The Caracas-Washington Rift in Geopolitical Perspective


I liked this Stratfor piece for its clear-eyed, myth-busting perspective. Friedman argues, quite convincingly if you ask me, that for all the day-to-day diplomatic heat, a cool-headed, realist calculus shows that Venezuela is not really a geopolitical problem for the US. Not at the moment, anyway (though watch that Hamas money!) I reproduce the second-half of the piece, putting my favorite bits in bold:
The United States and the 'Problem' of Venezuela
By George Friedman

Venezuela has become an ongoing problem for the Bush administration, but no one seems able to define quite what the issue is. President Hugo Chavez is carrying out the Bolivarian revolution in Venezuela and feuding with the United States. He has close ties with Cuba and has influenced many Latin American countries. The issue that needs to be analyzed, however, is whether any of this matters -- and if it does, why it is significant.

[...]

In reality, Chavez's ability to challenge the United States is severely limited. The occasional threat to cut off oil exports to the United States is fairly meaningless, in spite of conversations with the Chinese and others about creating alternative markets. The United States is the nearest major market for Venezuela. The Venezuelans could absorb the transportation costs involved in selling to China or Europe, but the producers currently supplying those countries then could be expected to shift their own exports to fill the void in the United States. Under any circumstances, Venezuela could not survive very long without exporting oil. Symbolizing the entire reality is the fact that Chavez's government still controls Citgo and isn't selling it, and the U.S. government isn't trying to slam controls onto Citgo.

Washington ultimately doesn't care what Chavez does so long as he continues to ship oil to the United States. From the American point of view, Chavez -- like Castro -- is simply a nuisance, not a serious threat. Latin American countries in general are of interest to Washington, in a strategic sense, only when they are being used by a major outside power that threatens the United States or its interests. The entire Monroe Doctrine was built around that principle.

There was a fear at one point that Nazi U-boats would have access to Cuba. And when Castro took power in Cuba, it mattered, because it gave the Soviets a base of operations there. What happened in Nicaragua or Chile mattered to the United States because it might create opportunities the Soviets could exploit. Nazis in Argentina prior to 1945 mattered to the United States; Nazis in Argentina after 1945 did not. Cuba before 1991 mattered; after 1991, it did not. And apart from oil, Venezuela does not matter now to the United States.
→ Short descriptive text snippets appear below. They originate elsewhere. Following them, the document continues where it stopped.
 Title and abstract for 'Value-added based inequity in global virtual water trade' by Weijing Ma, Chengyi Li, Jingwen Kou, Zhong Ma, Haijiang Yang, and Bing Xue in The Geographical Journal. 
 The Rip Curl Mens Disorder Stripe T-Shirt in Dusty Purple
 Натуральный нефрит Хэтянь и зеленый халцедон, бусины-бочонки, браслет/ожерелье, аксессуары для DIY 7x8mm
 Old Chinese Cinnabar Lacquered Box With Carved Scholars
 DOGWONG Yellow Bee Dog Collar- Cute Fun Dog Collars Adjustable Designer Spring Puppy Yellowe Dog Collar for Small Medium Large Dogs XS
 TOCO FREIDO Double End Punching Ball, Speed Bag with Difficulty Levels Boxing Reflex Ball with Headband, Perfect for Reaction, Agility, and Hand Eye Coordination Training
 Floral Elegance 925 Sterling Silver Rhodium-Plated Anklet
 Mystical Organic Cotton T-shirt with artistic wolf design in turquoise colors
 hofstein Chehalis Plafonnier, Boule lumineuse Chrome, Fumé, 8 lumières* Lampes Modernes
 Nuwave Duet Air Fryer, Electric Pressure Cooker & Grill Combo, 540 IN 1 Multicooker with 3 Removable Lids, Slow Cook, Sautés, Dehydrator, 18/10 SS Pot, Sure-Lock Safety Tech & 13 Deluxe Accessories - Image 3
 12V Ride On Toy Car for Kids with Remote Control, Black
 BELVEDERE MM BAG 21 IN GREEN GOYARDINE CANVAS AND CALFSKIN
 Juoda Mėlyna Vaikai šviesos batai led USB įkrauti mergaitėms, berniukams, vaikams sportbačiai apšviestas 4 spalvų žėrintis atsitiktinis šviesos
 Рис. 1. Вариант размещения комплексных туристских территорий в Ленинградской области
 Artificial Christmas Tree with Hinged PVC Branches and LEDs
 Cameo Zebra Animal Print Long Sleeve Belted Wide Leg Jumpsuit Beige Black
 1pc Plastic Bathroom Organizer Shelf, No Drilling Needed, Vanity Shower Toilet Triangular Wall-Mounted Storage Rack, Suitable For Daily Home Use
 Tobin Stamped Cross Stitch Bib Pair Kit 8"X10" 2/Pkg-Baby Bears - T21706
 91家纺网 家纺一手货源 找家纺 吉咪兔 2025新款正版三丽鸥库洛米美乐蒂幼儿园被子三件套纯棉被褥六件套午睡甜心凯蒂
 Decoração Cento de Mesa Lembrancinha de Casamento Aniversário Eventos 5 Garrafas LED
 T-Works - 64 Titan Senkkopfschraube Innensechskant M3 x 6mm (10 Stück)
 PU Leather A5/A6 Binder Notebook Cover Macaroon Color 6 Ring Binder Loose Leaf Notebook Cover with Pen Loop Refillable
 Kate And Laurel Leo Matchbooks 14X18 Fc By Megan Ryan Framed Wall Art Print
From the American point of view, an intervention that would overthrow Chavez would achieve nothing, even if it could be carried out. Chavez is shipping oil; therefore, the United States has no major outstanding issues. A coup in Venezuela, even if not engineered by the United States, would still be blamed on the United States. It would increase anti-American sentiment in Latin America, which in itself would not be all that significant. But it also would increase hostility toward the United States in Europe, where the Allende coup is still recalled bitterly by the left. The United States has enough problems with the Europeans without Venezuela adding to them.

Taken in isolation, Venezuela can't really hurt the United States. If all of South America were swept by a Bolivarian revolution, it wouldn't hurt the United States. Absent a significant global power to challenge the United States, Latin America and its ideology are of interest to Latin Americans but not to Washington.

This explains the strange standoff between Venezuela and the United States, and Washington's basic indifference to events in Latin America. Venezuela is locked into its oil relationship with the United States. Latin America poses no threat on its own. The chief geopolitical challenge to the United States -- radical Islam -- intersects Latin America only marginally. Certainly, there are radical Islamists in Latin America; Hezbollah in particular has assets there. But for them to mount an attack against the United States from Latin America would be no more efficient than mounting it from Europe. The risk is a concern, not an obsession.

For the United States, its border with Mexico matters. For the Venezuelans, high oil prices that subsidize their social programs and buy regional allies matter. Both want Venezuelan oil to keep pumping. Aside from the one issue that they agree on, the United States can live and is living with Chavez, and Chavez not only lives well with the United States but needs it -- both as a source of cash, through Citgo, and as a whipping boy.

Sometimes, there really isn't a problem.

The piece usefully points out the basic weakness in the endless chavophile incantation of past gringo misdeeds in the region: the changed geopolitical landscape. It always makes me smile when PSFs invoke the American intervention against Arbenz, say, to bolster the plausibility of the CIA plotting to rile up Venezuelan bus drivers. Like their Beloved Leader, they don't seem to have noticed that the bipolar strategic competition that drove the logic behind those interventions is dead and buried.

But I suppose for chavistas, it wasn't geopolitics that drove US meddling in the region, but rather some innate evil in the US government - an essentialist position that shows up the zealotry in their stance. For Chavez and his supporters, the gringos don't need a strategic reason to destabilize Venezuela: they do so, Disney villain style, purely because they're bad, bad, BADDDDD.